[Crawled caption data]
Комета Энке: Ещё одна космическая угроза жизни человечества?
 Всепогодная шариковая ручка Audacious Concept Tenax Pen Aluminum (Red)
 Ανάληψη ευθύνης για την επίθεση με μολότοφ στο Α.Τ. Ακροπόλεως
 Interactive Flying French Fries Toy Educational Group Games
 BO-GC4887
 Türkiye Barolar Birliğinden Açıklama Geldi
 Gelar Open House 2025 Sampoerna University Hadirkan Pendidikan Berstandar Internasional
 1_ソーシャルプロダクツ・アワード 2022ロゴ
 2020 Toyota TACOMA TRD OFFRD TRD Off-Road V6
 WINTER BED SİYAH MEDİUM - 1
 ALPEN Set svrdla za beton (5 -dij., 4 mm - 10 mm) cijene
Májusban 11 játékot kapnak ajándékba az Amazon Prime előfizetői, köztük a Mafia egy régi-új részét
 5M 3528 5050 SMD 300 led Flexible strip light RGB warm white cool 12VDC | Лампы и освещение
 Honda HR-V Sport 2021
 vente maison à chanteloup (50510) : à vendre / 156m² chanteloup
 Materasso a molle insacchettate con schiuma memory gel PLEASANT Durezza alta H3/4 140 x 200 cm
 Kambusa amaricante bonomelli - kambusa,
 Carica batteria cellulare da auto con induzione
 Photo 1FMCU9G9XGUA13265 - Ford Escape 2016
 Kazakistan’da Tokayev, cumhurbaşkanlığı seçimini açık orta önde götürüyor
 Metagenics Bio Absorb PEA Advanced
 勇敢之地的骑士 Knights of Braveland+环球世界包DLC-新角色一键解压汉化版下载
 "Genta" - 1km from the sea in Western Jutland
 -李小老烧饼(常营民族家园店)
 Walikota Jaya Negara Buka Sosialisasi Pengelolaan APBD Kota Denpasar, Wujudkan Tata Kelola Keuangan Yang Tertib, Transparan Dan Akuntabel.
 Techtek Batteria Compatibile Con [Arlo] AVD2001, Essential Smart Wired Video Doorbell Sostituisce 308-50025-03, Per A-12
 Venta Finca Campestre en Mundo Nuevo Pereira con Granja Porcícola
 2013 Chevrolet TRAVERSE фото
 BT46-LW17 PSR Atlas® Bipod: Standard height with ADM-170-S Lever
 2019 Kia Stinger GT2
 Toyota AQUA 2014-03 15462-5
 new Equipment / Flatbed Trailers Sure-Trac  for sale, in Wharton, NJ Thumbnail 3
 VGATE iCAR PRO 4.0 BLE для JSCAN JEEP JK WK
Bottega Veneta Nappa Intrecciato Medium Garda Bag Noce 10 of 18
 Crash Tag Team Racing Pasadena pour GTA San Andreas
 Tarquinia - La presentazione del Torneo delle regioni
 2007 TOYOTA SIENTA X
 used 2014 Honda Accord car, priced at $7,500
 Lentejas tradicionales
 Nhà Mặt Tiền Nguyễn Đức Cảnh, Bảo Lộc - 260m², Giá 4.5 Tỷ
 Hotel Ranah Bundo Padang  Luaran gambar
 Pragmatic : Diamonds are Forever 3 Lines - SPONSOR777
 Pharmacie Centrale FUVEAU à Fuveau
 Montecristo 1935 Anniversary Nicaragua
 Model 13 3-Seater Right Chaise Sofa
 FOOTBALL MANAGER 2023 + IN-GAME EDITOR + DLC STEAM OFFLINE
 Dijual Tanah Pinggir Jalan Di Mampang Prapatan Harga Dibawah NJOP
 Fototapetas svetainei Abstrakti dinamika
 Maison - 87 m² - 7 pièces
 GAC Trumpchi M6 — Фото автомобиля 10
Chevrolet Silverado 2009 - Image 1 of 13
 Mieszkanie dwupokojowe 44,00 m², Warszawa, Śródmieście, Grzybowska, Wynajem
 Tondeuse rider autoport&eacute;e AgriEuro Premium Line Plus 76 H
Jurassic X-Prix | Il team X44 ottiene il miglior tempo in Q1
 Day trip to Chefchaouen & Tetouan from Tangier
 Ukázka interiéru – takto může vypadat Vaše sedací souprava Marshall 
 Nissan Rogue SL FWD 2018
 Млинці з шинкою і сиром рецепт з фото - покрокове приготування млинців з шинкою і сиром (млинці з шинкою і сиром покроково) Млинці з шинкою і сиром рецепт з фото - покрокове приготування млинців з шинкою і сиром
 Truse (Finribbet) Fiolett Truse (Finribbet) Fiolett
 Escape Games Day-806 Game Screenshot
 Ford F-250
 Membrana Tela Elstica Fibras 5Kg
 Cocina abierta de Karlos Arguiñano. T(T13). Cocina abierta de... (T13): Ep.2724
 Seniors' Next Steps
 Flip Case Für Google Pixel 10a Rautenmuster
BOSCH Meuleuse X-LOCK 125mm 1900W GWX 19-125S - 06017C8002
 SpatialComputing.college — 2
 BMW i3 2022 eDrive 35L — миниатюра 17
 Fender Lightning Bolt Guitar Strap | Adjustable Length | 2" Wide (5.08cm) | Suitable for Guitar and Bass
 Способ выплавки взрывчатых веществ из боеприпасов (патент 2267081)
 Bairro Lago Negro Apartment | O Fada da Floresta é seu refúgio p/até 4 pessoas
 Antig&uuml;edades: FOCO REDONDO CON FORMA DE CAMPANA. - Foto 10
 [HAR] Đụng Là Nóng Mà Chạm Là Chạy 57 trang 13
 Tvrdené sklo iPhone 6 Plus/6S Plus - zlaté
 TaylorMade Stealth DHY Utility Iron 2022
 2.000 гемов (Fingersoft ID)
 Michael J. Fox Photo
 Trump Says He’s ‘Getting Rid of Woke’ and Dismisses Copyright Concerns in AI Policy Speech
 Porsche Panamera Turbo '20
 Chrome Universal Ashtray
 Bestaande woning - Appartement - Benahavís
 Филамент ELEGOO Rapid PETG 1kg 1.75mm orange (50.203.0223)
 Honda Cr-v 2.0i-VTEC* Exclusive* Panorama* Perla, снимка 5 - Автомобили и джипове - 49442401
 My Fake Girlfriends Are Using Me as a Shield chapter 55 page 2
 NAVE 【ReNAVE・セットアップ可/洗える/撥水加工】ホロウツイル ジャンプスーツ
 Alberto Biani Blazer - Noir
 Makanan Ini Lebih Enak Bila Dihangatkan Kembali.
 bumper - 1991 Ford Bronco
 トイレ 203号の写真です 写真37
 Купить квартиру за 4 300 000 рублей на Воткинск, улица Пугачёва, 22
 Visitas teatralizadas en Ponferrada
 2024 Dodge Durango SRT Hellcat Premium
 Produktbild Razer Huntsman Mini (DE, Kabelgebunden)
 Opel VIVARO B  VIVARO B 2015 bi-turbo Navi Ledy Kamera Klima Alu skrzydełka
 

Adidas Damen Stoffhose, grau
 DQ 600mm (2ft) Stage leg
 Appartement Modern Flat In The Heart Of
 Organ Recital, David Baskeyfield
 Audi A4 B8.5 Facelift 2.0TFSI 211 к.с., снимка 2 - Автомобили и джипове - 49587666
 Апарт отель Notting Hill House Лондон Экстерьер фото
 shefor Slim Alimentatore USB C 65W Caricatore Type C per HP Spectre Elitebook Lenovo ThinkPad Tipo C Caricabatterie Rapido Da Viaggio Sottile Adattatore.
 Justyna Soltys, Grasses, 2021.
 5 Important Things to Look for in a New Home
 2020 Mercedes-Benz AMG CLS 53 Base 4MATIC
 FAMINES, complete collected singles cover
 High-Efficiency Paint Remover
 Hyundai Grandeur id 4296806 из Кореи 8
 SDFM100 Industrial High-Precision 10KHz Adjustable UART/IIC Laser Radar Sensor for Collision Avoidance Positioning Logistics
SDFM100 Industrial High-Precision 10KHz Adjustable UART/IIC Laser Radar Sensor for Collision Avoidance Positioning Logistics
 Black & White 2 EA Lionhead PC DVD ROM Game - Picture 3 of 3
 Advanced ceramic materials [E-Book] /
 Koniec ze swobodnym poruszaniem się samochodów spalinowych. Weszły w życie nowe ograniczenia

* _PROBLEM DESCRIPTION_:
Give back exactly the lines above, from the line containing "Pharmacie Centrale FUVEAU à Fuveau" through the line containing "Michael J. Fox Photo", with both end lines and nothing more.

* _ANSWER SECTION_:
 Pharmacie Centrale FUVEAU à Fuveau
 Montecristo 1935 Anniversary Nicaragua
 Model 13 3-Seater Right Chaise Sofa
 FOOTBALL MANAGER 2023 + IN-GAME EDITOR + DLC STEAM OFFLINE
 Dijual Tanah Pinggir Jalan Di Mampang Prapatan Harga Dibawah NJOP
 Fototapetas svetainei Abstrakti dinamika
 Maison - 87 m² - 7 pièces
 GAC Trumpchi M6 — Фото автомобиля 10
Chevrolet Silverado 2009 - Image 1 of 13
 Mieszkanie dwupokojowe 44,00 m², Warszawa, Śródmieście, Grzybowska, Wynajem
 Tondeuse rider autoport&eacute;e AgriEuro Premium Line Plus 76 H
Jurassic X-Prix | Il team X44 ottiene il miglior tempo in Q1
 Day trip to Chefchaouen & Tetouan from Tangier
 Ukázka interiéru – takto může vypadat Vaše sedací souprava Marshall 
 Nissan Rogue SL FWD 2018
 Млинці з шинкою і сиром рецепт з фото - покрокове приготування млинців з шинкою і сиром (млинці з шинкою і сиром покроково) Млинці з шинкою і сиром рецепт з фото - покрокове приготування млинців з шинкою і сиром
 Truse (Finribbet) Fiolett Truse (Finribbet) Fiolett
 Escape Games Day-806 Game Screenshot
 Ford F-250
 Membrana Tela Elstica Fibras 5Kg
 Cocina abierta de Karlos Arguiñano. T(T13). Cocina abierta de... (T13): Ep.2724
 Seniors' Next Steps
 Flip Case Für Google Pixel 10a Rautenmuster
BOSCH Meuleuse X-LOCK 125mm 1900W GWX 19-125S - 06017C8002
 SpatialComputing.college — 2
 BMW i3 2022 eDrive 35L — миниатюра 17
 Fender Lightning Bolt Guitar Strap | Adjustable Length | 2" Wide (5.08cm) | Suitable for Guitar and Bass
 Способ выплавки взрывчатых веществ из боеприпасов (патент 2267081)
 Bairro Lago Negro Apartment | O Fada da Floresta é seu refúgio p/até 4 pessoas
 Antig&uuml;edades: FOCO REDONDO CON FORMA DE CAMPANA. - Foto 10
 [HAR] Đụng Là Nóng Mà Chạm Là Chạy 57 trang 13
 Tvrdené sklo iPhone 6 Plus/6S Plus - zlaté
 TaylorMade Stealth DHY Utility Iron 2022
 2.000 гемов (Fingersoft ID)
 Michael J. Fox Photo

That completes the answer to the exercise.